I want to determine whether the series $$\sum_{n=1}^{\infty}\frac{n!}{n^{n}\sqrt{n}}e^{n}$$ and the series $$\sum_{n=1}^{\infty}\frac{n!}{n^{n}\sqrt{n}}\left(-e\right)^{n}$$ converge. This was a part of the question: find the convergence segment of $$\sum_{n=1}^{\infty}\frac{n!}{n^{n}\sqrt{n}}x^{n}$$ and I found that the convergence radius is $$e$$, but I'm not sure how to determine for $$x=e$$ or $$x=-e$$ because the root test cannot determine when the limit is 1. Any ideas would help. Note that we cannot use Stirling's approximation because we haven't learned it yet. So I'm looking for another way.

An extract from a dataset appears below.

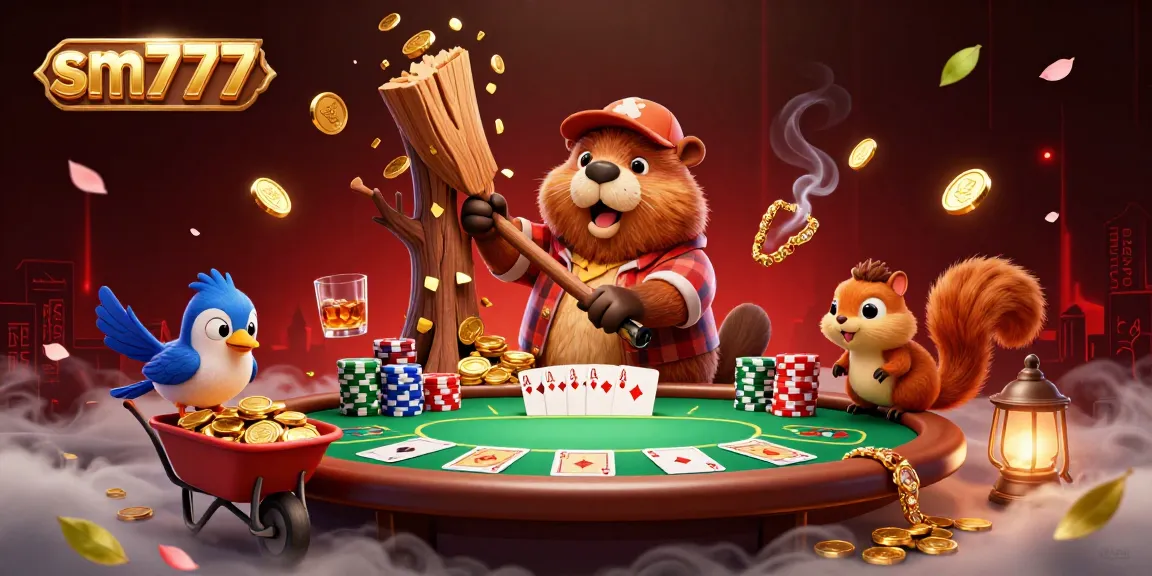 Experience the excitement of sm777 with vibrant gold coins raining down in this dynamic casino-themed illustration.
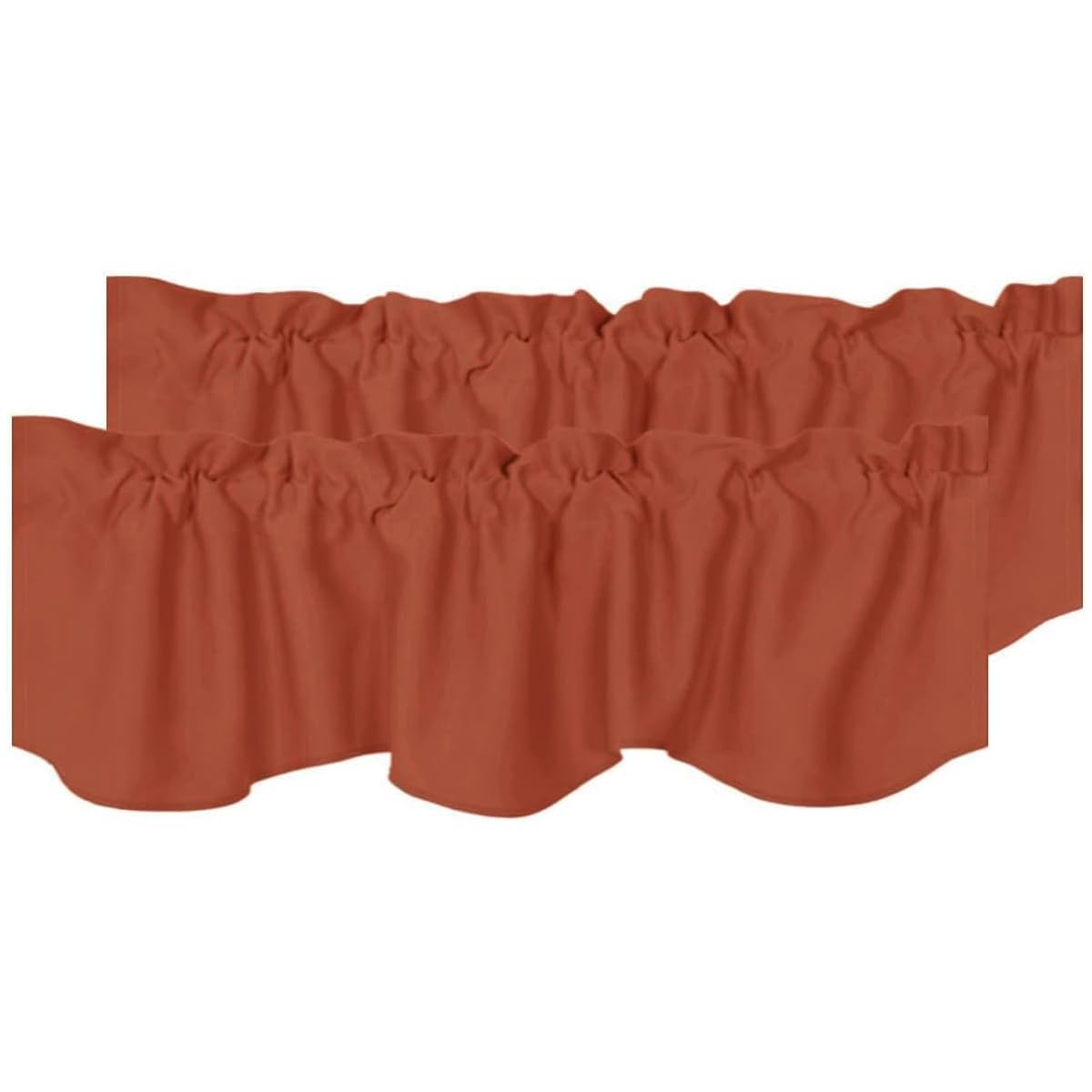H.VERSAILTEX 2 Panels Blackout Curtain Valances for Kitchen Windows/Living Room/Bathroom Privacy Protection Rod Pocket Decoration Scalloped Window Valance Curtains, 52" W x 18" L, Black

• The first one is divergent since $$e^n = 1 + n + \cdots + \frac{{n^n }}{{n!}} + \cdots \ge \frac{{n^n }}{{n!}} \Rightarrow \frac{{n!}}{{n^n \sqrt n }}e^n \ge \frac{1}{{\sqrt n }}.$$
– Gary
May 5 '20 at 18:27
• You should make this an answer. May 6 '20 at 6:24

Let $$u_n=\dfrac{n!}{\sqrt{n}}\left(\dfrac en\right)^n\quad$$ and $$\quad v_n=\ln(u_n)$$
$$v_{n+1}-v_n=\ln\left(\frac{u_{n+1}}{u_n}\right)=\ln\left(e\cdot\left(\frac{n}{n+1}\right)^{n+\frac 12}\right)=1-(n+\frac 12)\ln(1+\frac 1n)=\cdots=O\left(\frac 1{n^2}\right)$$
Since $$\sum\frac 1{n^2}$$ converges, then $$(v_n)_n$$ converges too (by telescoping sum) and so does $$u_n\to c\neq 0$$ ($$c$$ is not zero, because it is an exponential of a finite number).